# Leverage the DataCite REST API for metadata discovery and creation

## Task Automation: Harvesting a set of metadata records

### Overview

Participants will learn how to:
  1. Apply parameters to API requests using the Python requests library.
  1. Create a loop to perform pagination, retrieving over 1,000 DOIs by making multiple requests.
  1. Get results in different formats (JSON, CSV).
  1. Save results to a file.


* [DataCite Rest API Reference](https://support.datacite.org/reference/get_dois)
* [Python Requests Package Reference](https://pypi.org/project/requests/)

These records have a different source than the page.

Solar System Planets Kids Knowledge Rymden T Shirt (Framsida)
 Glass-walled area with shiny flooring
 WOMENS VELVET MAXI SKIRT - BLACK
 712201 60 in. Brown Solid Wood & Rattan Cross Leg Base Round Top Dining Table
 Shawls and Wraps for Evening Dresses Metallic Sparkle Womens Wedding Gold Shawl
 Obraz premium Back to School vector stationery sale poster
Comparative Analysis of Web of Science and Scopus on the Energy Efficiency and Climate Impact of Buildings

### Applying parameters to API requests unsing `requests`

To begin, we will import the requests library and set some constants representing the API endpoints

In [None]:
import requests
DATACITE_API_URL = "https://api.datacite.org"
DATACITE_DOI_API_URL = f"{DATACITE_API_URL}/dois/"
RESULTS_PER_PAGE = 1000

At its simplest, the API can be used to fetch a query based on a string.
We can constuct a url with query parameters in it

In [None]:
my_query = "transcriptomes"

In [None]:
url = DATACITE_DOI_API_URL + "?" + "query=" + my_query
print(url)

https://api.datacite.org/dois/?query=transcriptomes


We can then go out and fetch the data using a GET method

In [None]:
response = requests.get(url)

Assuming everything went alright we can convert the response to JSON

In [None]:
results = response.json()

When we are checking things programatically, we need to explicitly check for errors.  This can be done with using the `response.status_code` or the shortcut `response.ok`

In [None]:
response.status_code

200

In [None]:
response.ok

True

You can also create a dictionary of parameters and pass this into the request that is sent to the API

In [None]:
rows = 10
params = {
        'query': my_query,
        'page[size]': rows
    }

url = DATACITE_DOI_API_URL
response = requests.get(url, params)
if response.ok:
  results = response.json()

Let's take a look at results and all results



In [None]:
results

{'data': [{'id': '10.7488/era/4551',
   'type': 'dois',
   'attributes': {'doi': '10.7488/era/4551',
    'identifiers': [{'identifier': 'https://hdl.handle.net/1842/41828',
      'identifierType': 'uri'}],
    'creators': [{'name': 'Treanor-Taylor, Mairi',
      'nameType': 'Personal',
      'givenName': 'Mairi',
      'familyName': 'Treanor-Taylor',
      'affiliation': [],
      'nameIdentifiers': []}],
    'titles': [{'title': 'Investigating disease progression of cutaneous squamous cell carcinoma'}],
    'publisher': 'The University of Edinburgh',
    'container': {},
    'publicationYear': 2024,
    'subjects': [{'subject': 'cutaneous squamous cell carcinoma'},
     {'subject': 'disease progression'},
     {'subject': 'metastasis'},
     {'subject': 'RNA-sequencing'},
     {'subject': 'whole genome sequencing'}],
    'contributors': [{'name': 'University Of Edinburgh',
      'affiliation': [],
      'contributorType': 'DataManager',
      'nameIdentifiers': []},
     {'name': 'Uni

To look at the dois in the resonse we will need to access the `data` key of the results dictionary

In [None]:
dois = results['data']

In [None]:
len(dois)

10

Using the above method you can change the query, or use any of the search parameters outlined in the [API reference](https://support.datacite.org/reference/get_dois)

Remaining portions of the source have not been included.